▶ [EXERCISE DESCRIPTION]:
When you copy the data that follows, reproduce every word exactly and leave out the images.

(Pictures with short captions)
————
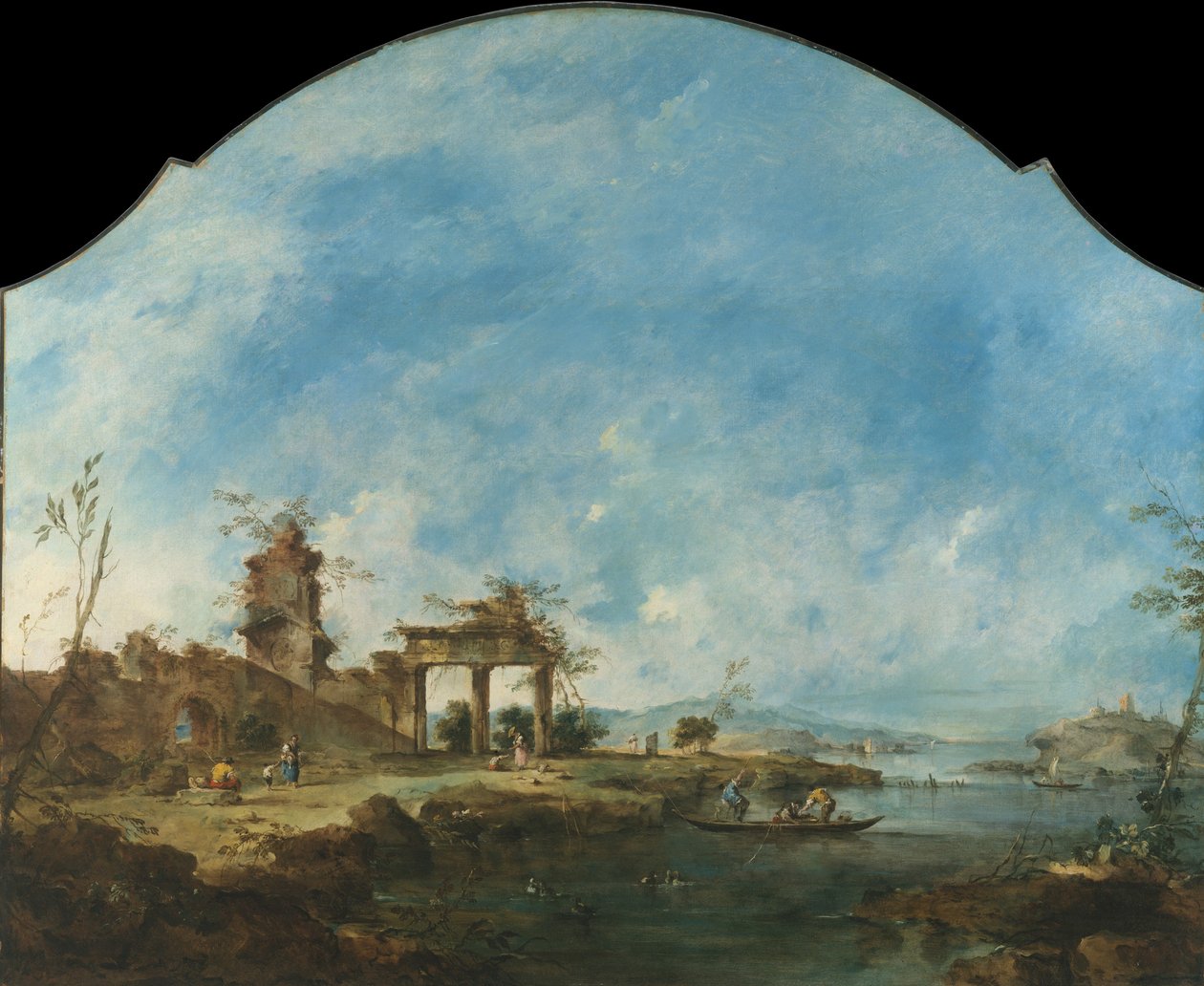 Paisagem Fantástica, c. 1765. de Francesco Guardi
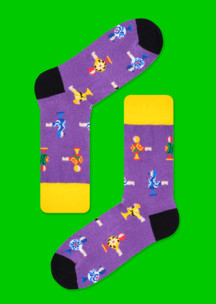 Фиолетовые JNRB: Носки Свистопляска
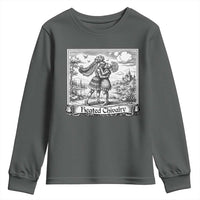 Heated Chivalry Medieval Knights Kissing LGBT Pride Youth Sweatshirt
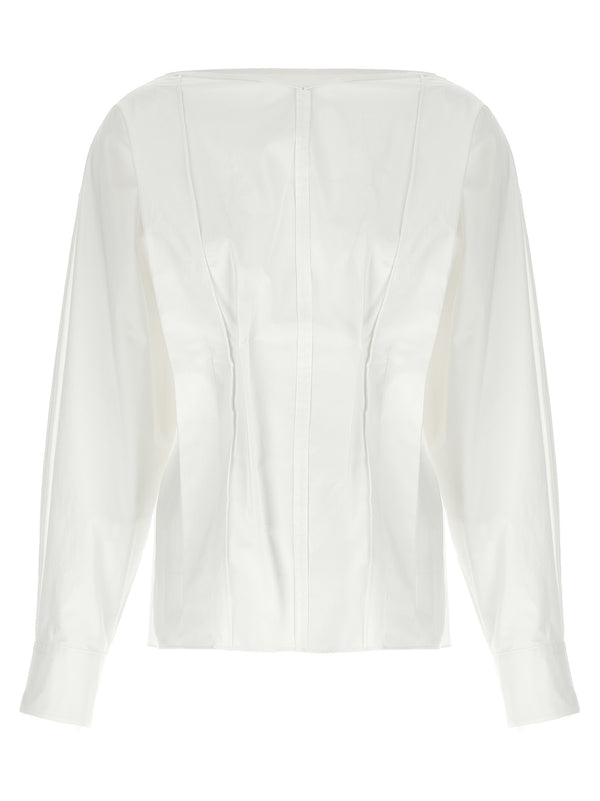 Khaite 100% Cotton blouse in white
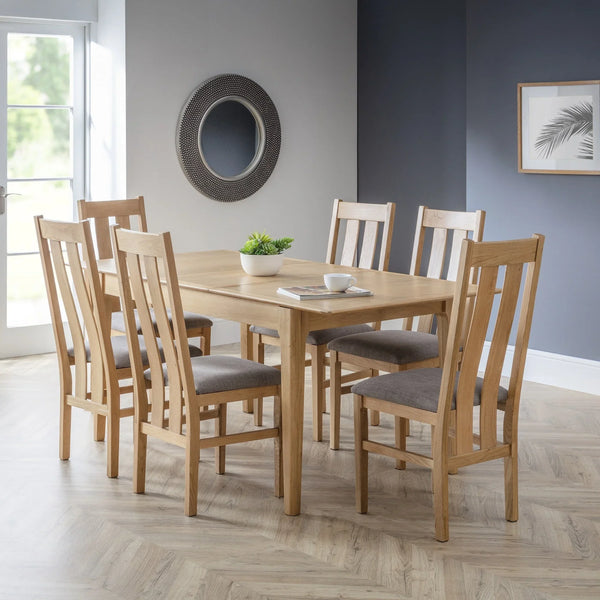 Cotswold Extending Dining Table - Light Brown - COT107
————
▶ [TASK RESULT]:
 Paisagem Fantástica, c. 1765. de Francesco Guardi
 Фиолетовые JNRB: Носки Свистопляска
 Heated Chivalry Medieval Knights Kissing LGBT Pride Youth Sweatshirt
 Khaite 100% Cotton blouse in white
 Cotswold Extending Dining Table - Light Brown - COT107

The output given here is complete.